Proximal radius fractures may be nondisplaced (no misalignment of bones) or displaced (bones not aligned). The Mason classification system is used for both treatment and prognosis. Type I proximal radius fractures involve no displacement and minimal joint (articular) involvement and may be difficult to identify with diagnostic imaging. Type II fractures are those in which the bone fragments have separated by at least 2 mm (displaced); the fragments may be rotated or bent (angulated). Type III fractures (of which are three subclasses) are those in which the head of the radius has broken into many separate fragments (comminuted fracture). A Type IV fracture is a comminuted fracture with elbow dislocation (Morgan).

Type I and many Type II fractures are less severe and may heal well without surgical intervention, but fractures with significant displacement (Types III and IV) will require open reduction-internal fixation (ORIF) to realign the separated fracture fragments.
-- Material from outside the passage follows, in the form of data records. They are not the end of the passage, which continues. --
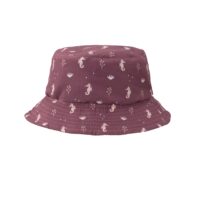Gorrito Reversible Caballito De Mar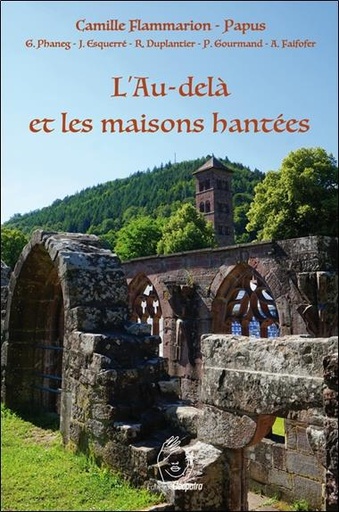 [9782493971104] L'au-delà et les maisons hantées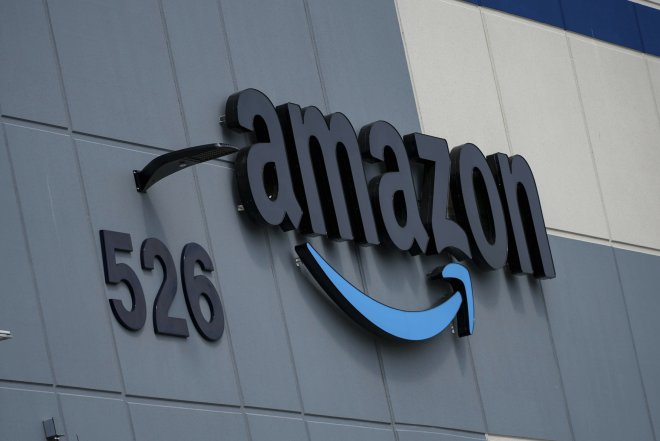 Amazon zahladil loňské ztráty, přehoupl se do miliardových zisků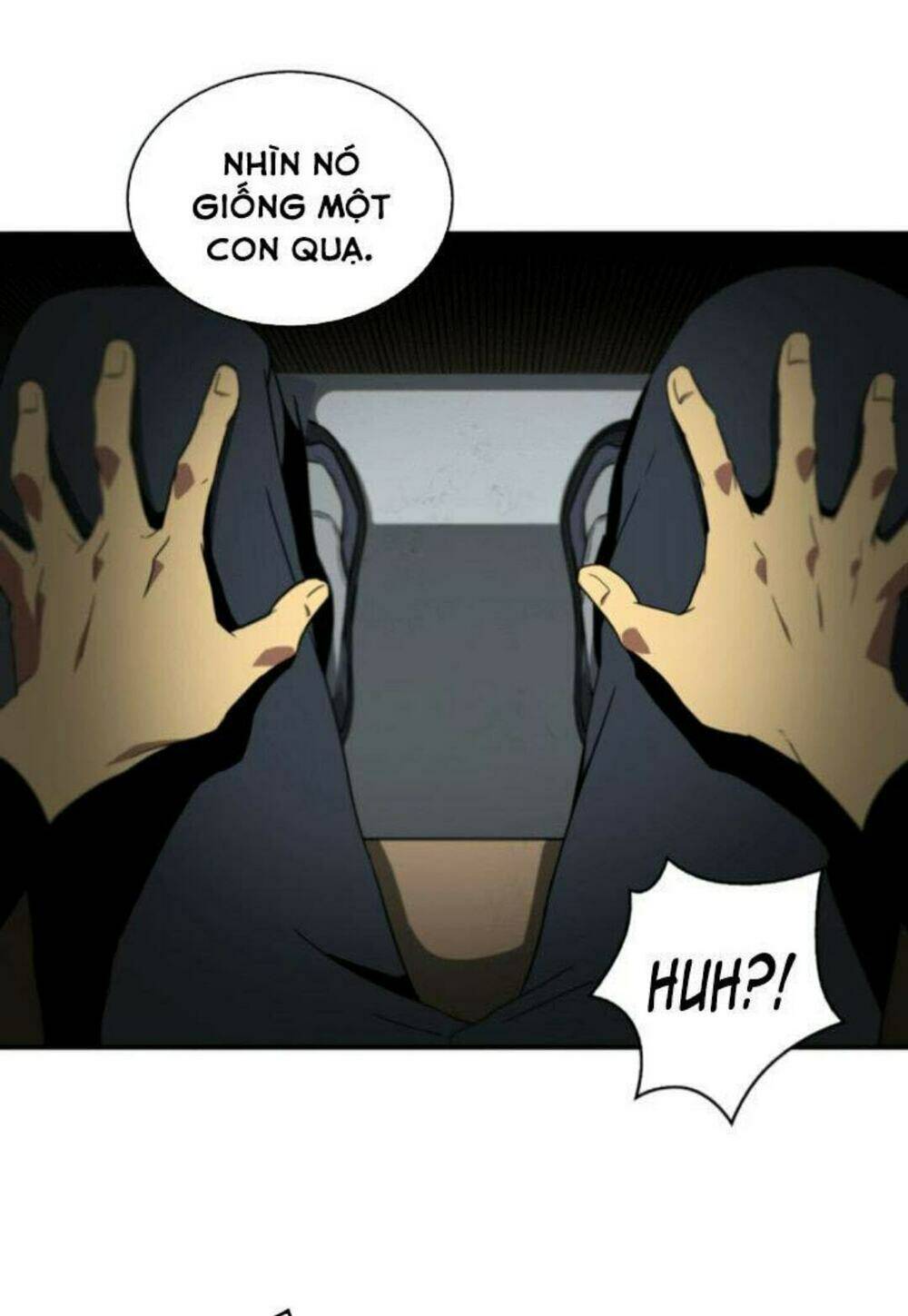 Vua Trộm Mộ Chapter 1 - Trang 2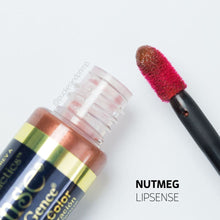 Nutmeg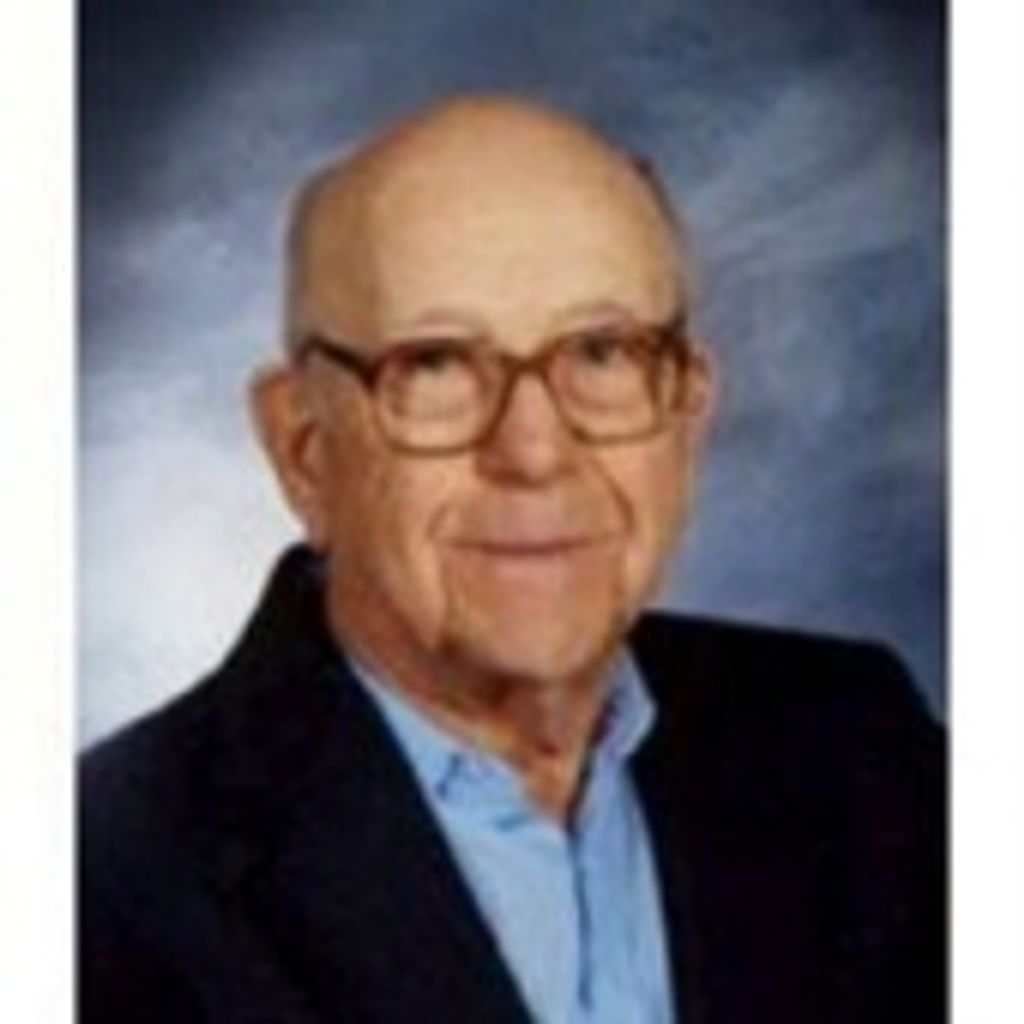 Ernest D. Chesser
If the proximal radius has become severely displaced or fragmented, excision of the radial head and/or replacement of the proximal radius (radial head arthroplasty) may be necessary.
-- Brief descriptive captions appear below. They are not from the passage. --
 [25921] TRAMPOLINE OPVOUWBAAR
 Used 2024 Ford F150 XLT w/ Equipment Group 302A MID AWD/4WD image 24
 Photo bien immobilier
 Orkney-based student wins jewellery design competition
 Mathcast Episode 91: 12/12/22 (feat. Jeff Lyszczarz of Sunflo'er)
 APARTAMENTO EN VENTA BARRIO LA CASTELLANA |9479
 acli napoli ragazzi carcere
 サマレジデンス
At the time of injury, proximal radius fractures may become dislocated (fracture-dislocation), with the radial head migrating toward the elbow joint. An Essex-Lopresti fracture is a radial head or neck fracture with dislocation of the distal radioulnar joint (DRUJ) at the wrist and associated rupture of the membrane between the radius and ulna (interosseous membrane).

Incidence and Prevalence: Elbow fractures are fairly common, and 33% include fracture of the radial head or radial neck (Rabin). In adults, olecranon fractures account for 20% of all elbow injuries, and coronoid process fractures occur in 10% to 15% of elbow dislocations (Riego de Dios). Fractures of the proximal radius occur in up to one-third of elbow fractures and dislocations, with radial head fractures the most common type of elbow fracture in adults (Rabin).